On Aug 23, 2011, at 12:50 PM, Daniel P. Berrange wrote:
[...snip...]
This makes using SRIOV VFs via PCI passthrough very unpalatable. The problem can be solved by setting the MAC address of the ethernet device prior to assigning it to the guest, but of course the <hostdev> element used to assign PCI devices to guests has no place to specify a MAC address (and I'm not sure it would be appropriate to add something that function-specific to <hostdev>).

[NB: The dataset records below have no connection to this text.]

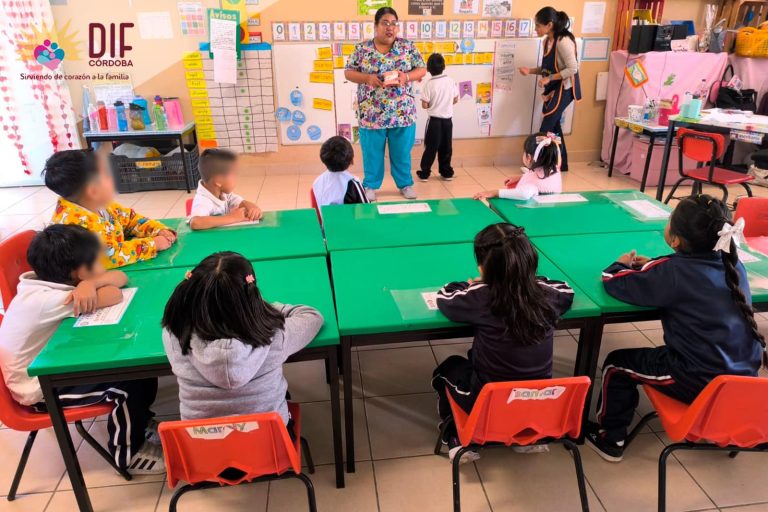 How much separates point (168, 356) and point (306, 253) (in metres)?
0.83

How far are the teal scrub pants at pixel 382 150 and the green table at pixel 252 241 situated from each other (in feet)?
7.28

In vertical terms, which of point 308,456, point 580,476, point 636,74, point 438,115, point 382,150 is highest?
point 636,74

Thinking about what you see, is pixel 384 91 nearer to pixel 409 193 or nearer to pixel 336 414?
pixel 409 193

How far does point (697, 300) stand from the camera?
1.70 metres

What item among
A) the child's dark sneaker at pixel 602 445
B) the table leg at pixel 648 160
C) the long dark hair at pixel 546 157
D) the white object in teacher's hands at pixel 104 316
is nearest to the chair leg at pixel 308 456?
the white object in teacher's hands at pixel 104 316

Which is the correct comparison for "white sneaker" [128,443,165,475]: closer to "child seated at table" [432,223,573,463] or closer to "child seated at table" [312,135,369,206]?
"child seated at table" [432,223,573,463]

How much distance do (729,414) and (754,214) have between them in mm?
1574

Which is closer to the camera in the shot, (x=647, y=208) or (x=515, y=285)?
(x=515, y=285)

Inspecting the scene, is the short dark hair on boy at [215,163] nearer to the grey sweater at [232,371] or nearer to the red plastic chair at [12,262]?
the red plastic chair at [12,262]

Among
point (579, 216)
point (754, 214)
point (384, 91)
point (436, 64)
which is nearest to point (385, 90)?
point (384, 91)

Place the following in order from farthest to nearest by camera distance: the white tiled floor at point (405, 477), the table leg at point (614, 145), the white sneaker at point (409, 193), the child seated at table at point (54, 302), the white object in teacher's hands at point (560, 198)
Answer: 1. the table leg at point (614, 145)
2. the white sneaker at point (409, 193)
3. the white object in teacher's hands at point (560, 198)
4. the white tiled floor at point (405, 477)
5. the child seated at table at point (54, 302)

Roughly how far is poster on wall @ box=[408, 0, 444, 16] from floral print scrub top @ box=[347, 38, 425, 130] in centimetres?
115

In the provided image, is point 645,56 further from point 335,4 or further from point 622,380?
point 622,380

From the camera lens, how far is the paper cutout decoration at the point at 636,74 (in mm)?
5359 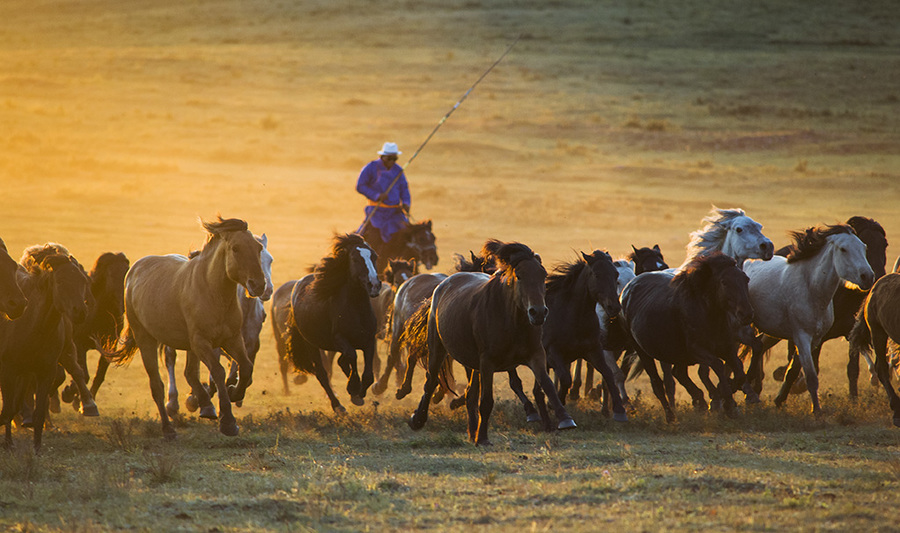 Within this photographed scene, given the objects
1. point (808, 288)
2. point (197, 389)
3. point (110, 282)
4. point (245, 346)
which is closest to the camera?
Result: point (197, 389)

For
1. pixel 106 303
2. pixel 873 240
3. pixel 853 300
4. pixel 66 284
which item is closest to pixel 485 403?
pixel 66 284

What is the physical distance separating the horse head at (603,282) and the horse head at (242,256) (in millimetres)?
2868

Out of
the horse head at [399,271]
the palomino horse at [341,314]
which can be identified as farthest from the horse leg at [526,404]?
the horse head at [399,271]

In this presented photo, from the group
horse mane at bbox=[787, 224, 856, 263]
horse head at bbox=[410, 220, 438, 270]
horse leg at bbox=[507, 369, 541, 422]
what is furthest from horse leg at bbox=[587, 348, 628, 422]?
horse head at bbox=[410, 220, 438, 270]

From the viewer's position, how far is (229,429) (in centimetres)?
937

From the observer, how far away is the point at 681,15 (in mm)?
75625

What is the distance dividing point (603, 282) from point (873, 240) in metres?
3.59

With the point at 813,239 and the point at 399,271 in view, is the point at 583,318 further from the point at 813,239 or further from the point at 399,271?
the point at 399,271

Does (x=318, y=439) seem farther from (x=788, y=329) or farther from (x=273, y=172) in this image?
(x=273, y=172)

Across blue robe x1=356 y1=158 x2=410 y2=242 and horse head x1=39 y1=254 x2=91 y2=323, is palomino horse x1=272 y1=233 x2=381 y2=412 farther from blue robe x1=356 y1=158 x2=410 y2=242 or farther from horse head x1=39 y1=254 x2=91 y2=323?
blue robe x1=356 y1=158 x2=410 y2=242

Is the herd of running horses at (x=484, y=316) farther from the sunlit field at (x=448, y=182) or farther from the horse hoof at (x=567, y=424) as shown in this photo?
the sunlit field at (x=448, y=182)

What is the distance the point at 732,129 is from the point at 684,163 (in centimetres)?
761

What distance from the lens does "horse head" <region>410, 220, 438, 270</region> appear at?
1551 cm

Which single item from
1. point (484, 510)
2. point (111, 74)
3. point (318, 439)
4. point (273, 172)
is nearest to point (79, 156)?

In discussions at the KVM forum, other related problems were noted too. Specifically when using an SRIOV VF with VEPA/VNLink we need to be able to set the port profile on the VF before assigning it to the guest, to lock down what the guest can do. We also likely need to a specify a VLAN tag on the NIC. The VLAN tag is actally something we need to be able todo for normal non-PCI passthrough usage of SRIOV networks too.
I guess there is a issue with PCI-passtrough here, If the VEPA link is set up prior to VM start then that information is lost when the VM OS resets the device during initialization. Only on NICs with an integrated bridge can this setup be persistent because the bridge can handle the VLAN tagging and port setup. I see a major drawback with storing MAC adresses in <hostdev> elements: It would require great care to make sure that MAC adresses are unique across a big datacenter.
Dave Allan and I have discussed a different possible method of eliminating this problem (using a new forward type for libvirt networks) that I've outlined below. Please let me know what you think - is this reasonable in general? If so, what about the details? If not, any counter-proposals to solve the problem?
The issue I see is that if an application wants to know what PCI devices have been assigned to a guest, they can no longer just look at <hostdev> elements. They also need to look at <interface> elements. If we follow this proposed model in other areas, we could end up with PCI devices appearing as <disks> <controllers> and who knows what else. I think this is not very desirable for applications, and it is also not good for our internal code that manages PCI devices. ie the security drivers now have to look at many different places to find what PCI devices need labelling.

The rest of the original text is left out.